What needs to be done: Nothing should change. Output the data exactly.

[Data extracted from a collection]
----

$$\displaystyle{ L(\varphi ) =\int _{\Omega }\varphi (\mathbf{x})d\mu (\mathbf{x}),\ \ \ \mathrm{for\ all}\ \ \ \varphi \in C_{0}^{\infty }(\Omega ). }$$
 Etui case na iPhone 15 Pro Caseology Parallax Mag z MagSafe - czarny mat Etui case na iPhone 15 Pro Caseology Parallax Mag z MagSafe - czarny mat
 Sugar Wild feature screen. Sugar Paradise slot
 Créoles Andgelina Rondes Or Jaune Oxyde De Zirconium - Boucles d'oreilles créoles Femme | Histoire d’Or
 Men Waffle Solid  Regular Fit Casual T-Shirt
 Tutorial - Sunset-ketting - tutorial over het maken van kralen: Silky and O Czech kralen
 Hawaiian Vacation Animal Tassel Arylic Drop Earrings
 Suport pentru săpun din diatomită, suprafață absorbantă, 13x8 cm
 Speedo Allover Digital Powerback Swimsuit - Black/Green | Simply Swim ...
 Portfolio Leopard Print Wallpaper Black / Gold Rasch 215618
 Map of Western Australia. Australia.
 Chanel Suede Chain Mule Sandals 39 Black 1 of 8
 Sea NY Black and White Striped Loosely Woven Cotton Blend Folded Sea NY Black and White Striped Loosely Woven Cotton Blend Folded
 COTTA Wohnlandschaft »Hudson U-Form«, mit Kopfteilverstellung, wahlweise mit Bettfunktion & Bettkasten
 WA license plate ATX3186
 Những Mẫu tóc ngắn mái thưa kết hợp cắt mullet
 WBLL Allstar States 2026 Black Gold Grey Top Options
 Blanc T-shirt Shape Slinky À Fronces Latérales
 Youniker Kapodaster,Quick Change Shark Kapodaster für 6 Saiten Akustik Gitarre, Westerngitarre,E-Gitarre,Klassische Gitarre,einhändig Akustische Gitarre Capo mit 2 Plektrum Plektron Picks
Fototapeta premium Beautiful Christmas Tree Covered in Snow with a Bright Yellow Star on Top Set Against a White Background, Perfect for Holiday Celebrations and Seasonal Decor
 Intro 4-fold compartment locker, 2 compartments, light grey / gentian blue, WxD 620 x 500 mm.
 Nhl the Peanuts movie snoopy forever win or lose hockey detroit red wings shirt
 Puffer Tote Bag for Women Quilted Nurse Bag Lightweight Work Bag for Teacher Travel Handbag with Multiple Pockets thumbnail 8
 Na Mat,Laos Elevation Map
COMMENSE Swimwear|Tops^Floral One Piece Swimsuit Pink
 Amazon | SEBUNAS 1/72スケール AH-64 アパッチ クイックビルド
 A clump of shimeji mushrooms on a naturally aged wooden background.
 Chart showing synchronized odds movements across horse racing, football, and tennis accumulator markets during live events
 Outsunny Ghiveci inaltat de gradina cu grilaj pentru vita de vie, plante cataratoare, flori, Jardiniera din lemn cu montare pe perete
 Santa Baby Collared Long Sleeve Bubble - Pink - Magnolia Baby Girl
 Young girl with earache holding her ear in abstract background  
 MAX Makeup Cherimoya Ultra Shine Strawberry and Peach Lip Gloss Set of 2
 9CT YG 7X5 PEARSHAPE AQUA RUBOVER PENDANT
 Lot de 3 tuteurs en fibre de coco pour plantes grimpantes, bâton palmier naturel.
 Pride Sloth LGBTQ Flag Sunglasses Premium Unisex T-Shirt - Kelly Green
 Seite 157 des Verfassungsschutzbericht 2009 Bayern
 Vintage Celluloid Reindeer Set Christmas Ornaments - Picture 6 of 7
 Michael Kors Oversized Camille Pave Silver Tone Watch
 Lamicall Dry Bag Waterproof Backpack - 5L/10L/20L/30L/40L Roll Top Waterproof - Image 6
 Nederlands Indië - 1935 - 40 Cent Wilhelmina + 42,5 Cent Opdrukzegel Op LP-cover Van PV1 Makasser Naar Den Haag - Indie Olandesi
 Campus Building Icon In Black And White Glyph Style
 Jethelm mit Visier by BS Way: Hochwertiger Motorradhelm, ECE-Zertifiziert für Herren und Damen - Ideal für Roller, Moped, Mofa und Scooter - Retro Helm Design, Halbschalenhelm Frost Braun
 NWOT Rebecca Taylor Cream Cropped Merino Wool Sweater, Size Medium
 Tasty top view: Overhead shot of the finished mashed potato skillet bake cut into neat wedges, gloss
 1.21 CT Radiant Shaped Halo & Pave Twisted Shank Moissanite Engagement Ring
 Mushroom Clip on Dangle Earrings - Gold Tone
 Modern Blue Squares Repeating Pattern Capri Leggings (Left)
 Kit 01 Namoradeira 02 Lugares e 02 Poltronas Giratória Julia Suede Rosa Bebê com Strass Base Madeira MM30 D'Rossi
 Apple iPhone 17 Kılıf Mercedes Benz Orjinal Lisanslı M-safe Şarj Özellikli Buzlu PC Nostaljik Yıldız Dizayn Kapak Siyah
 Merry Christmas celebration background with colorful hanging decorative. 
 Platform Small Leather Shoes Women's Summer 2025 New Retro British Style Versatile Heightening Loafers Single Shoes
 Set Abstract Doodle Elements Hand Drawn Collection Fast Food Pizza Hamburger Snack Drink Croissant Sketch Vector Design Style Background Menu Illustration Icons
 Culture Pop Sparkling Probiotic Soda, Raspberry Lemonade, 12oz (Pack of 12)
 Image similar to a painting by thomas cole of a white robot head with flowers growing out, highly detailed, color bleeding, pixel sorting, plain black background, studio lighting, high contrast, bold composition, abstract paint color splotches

----

Output:
$$\displaystyle{ L(\varphi ) =\int _{\Omega }\varphi (\mathbf{x})d\mu (\mathbf{x}),\ \ \ \mathrm{for\ all}\ \ \ \varphi \in C_{0}^{\infty }(\Omega ). }$$
 Etui case na iPhone 15 Pro Caseology Parallax Mag z MagSafe - czarny mat Etui case na iPhone 15 Pro Caseology Parallax Mag z MagSafe - czarny mat
 Sugar Wild feature screen. Sugar Paradise slot
 Créoles Andgelina Rondes Or Jaune Oxyde De Zirconium - Boucles d'oreilles créoles Femme | Histoire d’Or
 Men Waffle Solid  Regular Fit Casual T-Shirt
 Tutorial - Sunset-ketting - tutorial over het maken van kralen: Silky and O Czech kralen
 Hawaiian Vacation Animal Tassel Arylic Drop Earrings
 Suport pentru săpun din diatomită, suprafață absorbantă, 13x8 cm
 Speedo Allover Digital Powerback Swimsuit - Black/Green | Simply Swim ...
 Portfolio Leopard Print Wallpaper Black / Gold Rasch 215618
 Map of Western Australia. Australia.
 Chanel Suede Chain Mule Sandals 39 Black 1 of 8
 Sea NY Black and White Striped Loosely Woven Cotton Blend Folded Sea NY Black and White Striped Loosely Woven Cotton Blend Folded
 COTTA Wohnlandschaft »Hudson U-Form«, mit Kopfteilverstellung, wahlweise mit Bettfunktion & Bettkasten
 WA license plate ATX3186
 Những Mẫu tóc ngắn mái thưa kết hợp cắt mullet
 WBLL Allstar States 2026 Black Gold Grey Top Options
 Blanc T-shirt Shape Slinky À Fronces Latérales
 Youniker Kapodaster,Quick Change Shark Kapodaster für 6 Saiten Akustik Gitarre, Westerngitarre,E-Gitarre,Klassische Gitarre,einhändig Akustische Gitarre Capo mit 2 Plektrum Plektron Picks
Fototapeta premium Beautiful Christmas Tree Covered in Snow with a Bright Yellow Star on Top Set Against a White Background, Perfect for Holiday Celebrations and Seasonal Decor
 Intro 4-fold compartment locker, 2 compartments, light grey / gentian blue, WxD 620 x 500 mm.
 Nhl the Peanuts movie snoopy forever win or lose hockey detroit red wings shirt
 Puffer Tote Bag for Women Quilted Nurse Bag Lightweight Work Bag for Teacher Travel Handbag with Multiple Pockets thumbnail 8
 Na Mat,Laos Elevation Map
COMMENSE Swimwear|Tops^Floral One Piece Swimsuit Pink
 Amazon | SEBUNAS 1/72スケール AH-64 アパッチ クイックビルド
 A clump of shimeji mushrooms on a naturally aged wooden background.
 Chart showing synchronized odds movements across horse racing, football, and tennis accumulator markets during live events
 Outsunny Ghiveci inaltat de gradina cu grilaj pentru vita de vie, plante cataratoare, flori, Jardiniera din lemn cu montare pe perete
 Santa Baby Collared Long Sleeve Bubble - Pink - Magnolia Baby Girl
 Young girl with earache holding her ear in abstract background  
 MAX Makeup Cherimoya Ultra Shine Strawberry and Peach Lip Gloss Set of 2
 9CT YG 7X5 PEARSHAPE AQUA RUBOVER PENDANT
 Lot de 3 tuteurs en fibre de coco pour plantes grimpantes, bâton palmier naturel.
 Pride Sloth LGBTQ Flag Sunglasses Premium Unisex T-Shirt - Kelly Green
 Seite 157 des Verfassungsschutzbericht 2009 Bayern
 Vintage Celluloid Reindeer Set Christmas Ornaments - Picture 6 of 7
 Michael Kors Oversized Camille Pave Silver Tone Watch
 Lamicall Dry Bag Waterproof Backpack - 5L/10L/20L/30L/40L Roll Top Waterproof - Image 6
 Nederlands Indië - 1935 - 40 Cent Wilhelmina + 42,5 Cent Opdrukzegel Op LP-cover Van PV1 Makasser Naar Den Haag - Indie Olandesi
 Campus Building Icon In Black And White Glyph Style
 Jethelm mit Visier by BS Way: Hochwertiger Motorradhelm, ECE-Zertifiziert für Herren und Damen - Ideal für Roller, Moped, Mofa und Scooter - Retro Helm Design, Halbschalenhelm Frost Braun
 NWOT Rebecca Taylor Cream Cropped Merino Wool Sweater, Size Medium
 Tasty top view: Overhead shot of the finished mashed potato skillet bake cut into neat wedges, gloss
 1.21 CT Radiant Shaped Halo & Pave Twisted Shank Moissanite Engagement Ring
 Mushroom Clip on Dangle Earrings - Gold Tone
 Modern Blue Squares Repeating Pattern Capri Leggings (Left)
 Kit 01 Namoradeira 02 Lugares e 02 Poltronas Giratória Julia Suede Rosa Bebê com Strass Base Madeira MM30 D'Rossi
 Apple iPhone 17 Kılıf Mercedes Benz Orjinal Lisanslı M-safe Şarj Özellikli Buzlu PC Nostaljik Yıldız Dizayn Kapak Siyah
 Merry Christmas celebration background with colorful hanging decorative. 
 Platform Small Leather Shoes Women's Summer 2025 New Retro British Style Versatile Heightening Loafers Single Shoes
 Set Abstract Doodle Elements Hand Drawn Collection Fast Food Pizza Hamburger Snack Drink Croissant Sketch Vector Design Style Background Menu Illustration Icons
 Culture Pop Sparkling Probiotic Soda, Raspberry Lemonade, 12oz (Pack of 12)
 Image similar to a painting by thomas cole of a white robot head with flowers growing out, highly detailed, color bleeding, pixel sorting, plain black background, studio lighting, high contrast, bold composition, abstract paint color splotches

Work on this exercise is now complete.